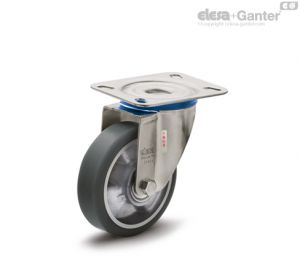 RE.F5-SXL-SST-N-ESD Castors with stainless steel bracket Turning plate bracket, without brake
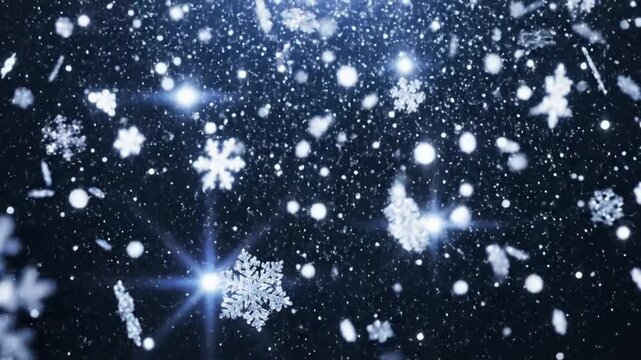 Animated Falling White Snowflakes with Blue Lens Flare Against a Dark Blue Background Winter Holiday Season Decorative Festive Background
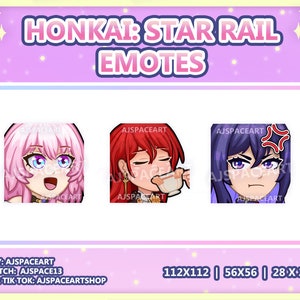 Honkai Star Rail Pack of Emotes featuring Himeko March 7th and Seele Hoyoverse Emotes for Discord Twitch Youtube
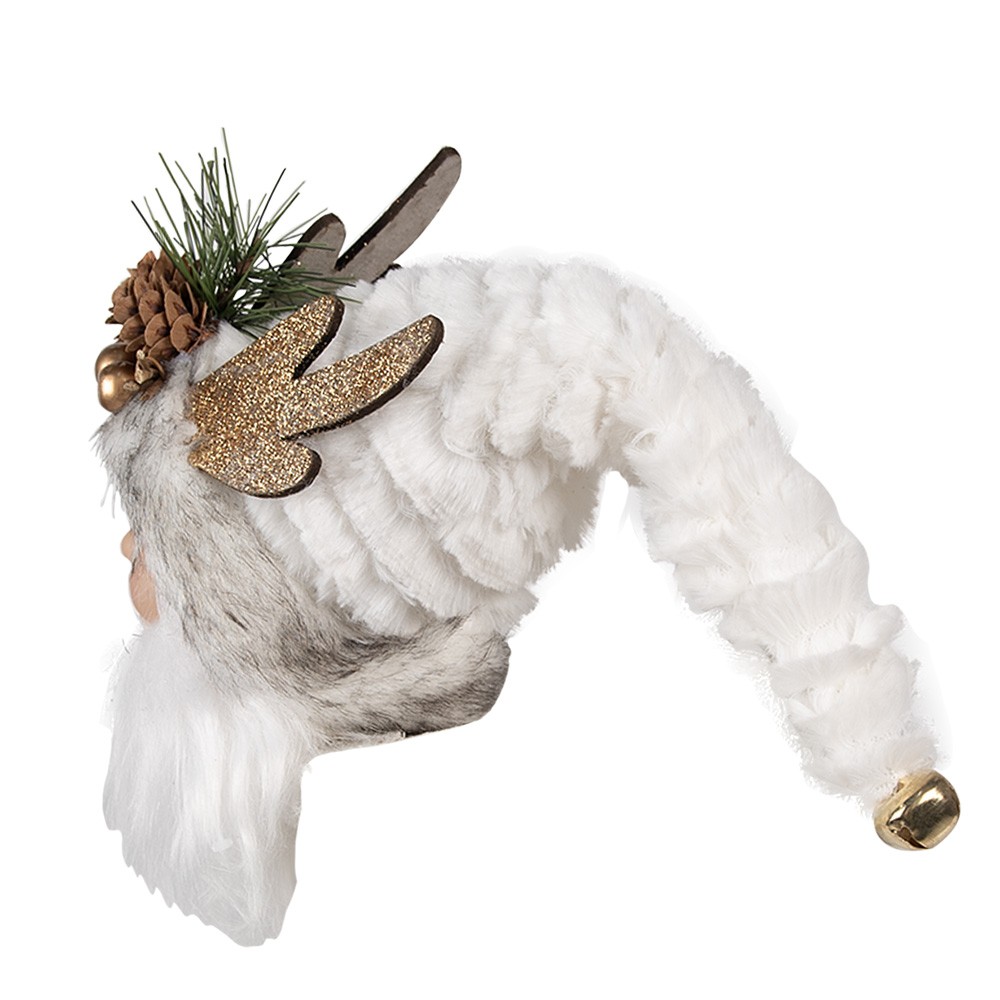 Závěsná dekorace hlava Santa s bílou čepicí - 10*9*28 cm Clayre & Eef Závěsná dekorace hlava Santa s bílou čepicí - 10*9*28 cm Clayre & Eef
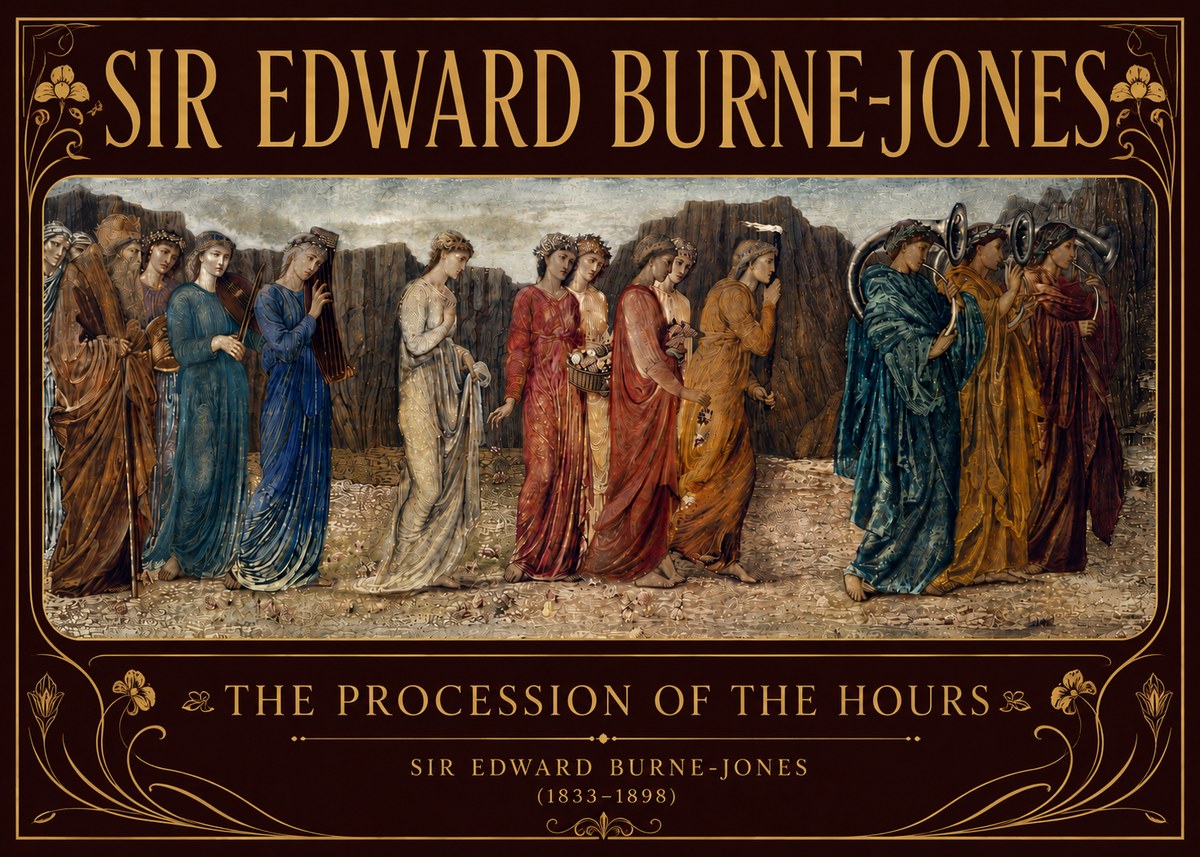 Edward Burne-Jones The Procession of the Hours No6 - Affiche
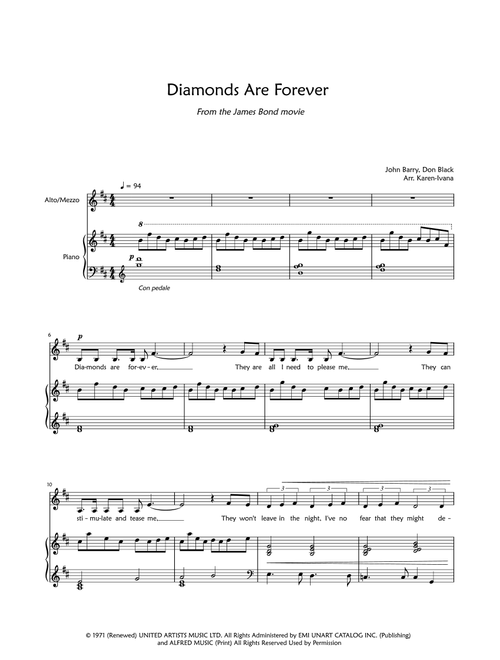 Diamonds Are Forever (Arr. Karen Ivana) - John Barry, Don Black (Piano Vocal)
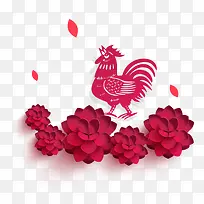 2017鸡年剪纸图案花朵装饰
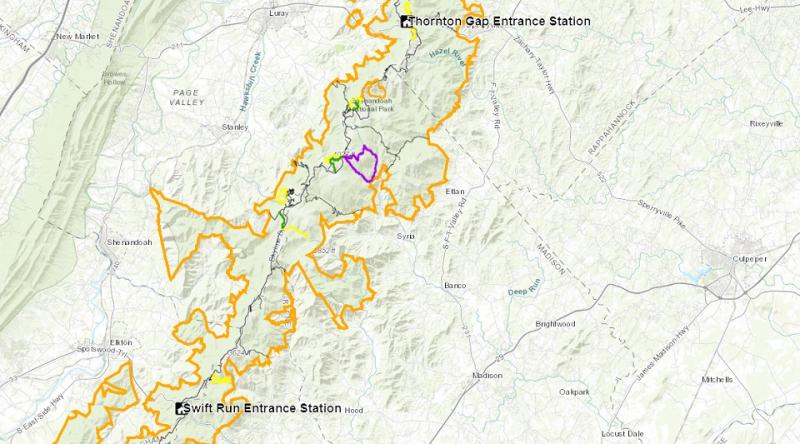 Shenandoah National Park Printable Map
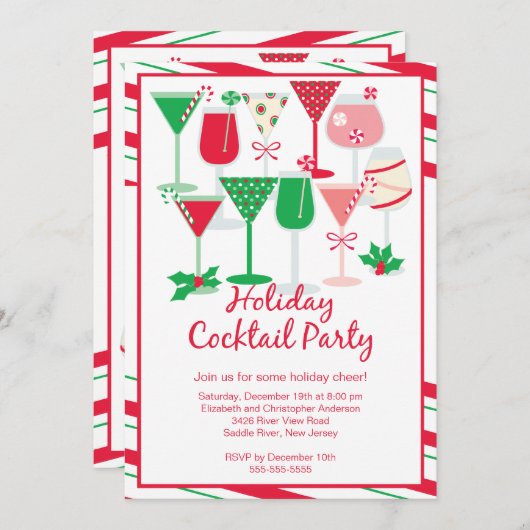 Uitnodiging voor feestdag Cocktail-kerstfeest (Voorkant / Achterkant)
=====
**Task description**
Reproduce the data in full. Do not carry over any picture.

**Your response**
 RE.F5-SXL-SST-N-ESD Castors with stainless steel bracket Turning plate bracket, without brake
 Animated Falling White Snowflakes with Blue Lens Flare Against a Dark Blue Background Winter Holiday Season Decorative Festive Background
 Honkai Star Rail Pack of Emotes featuring Himeko March 7th and Seele Hoyoverse Emotes for Discord Twitch Youtube
 Závěsná dekorace hlava Santa s bílou čepicí - 10*9*28 cm Clayre & Eef Závěsná dekorace hlava Santa s bílou čepicí - 10*9*28 cm Clayre & Eef
 Edward Burne-Jones The Procession of the Hours No6 - Affiche
 Diamonds Are Forever (Arr. Karen Ivana) - John Barry, Don Black (Piano Vocal)
 2017鸡年剪纸图案花朵装饰
 Shenandoah National Park Printable Map
 Uitnodiging voor feestdag Cocktail-kerstfeest (Voorkant / Achterkant)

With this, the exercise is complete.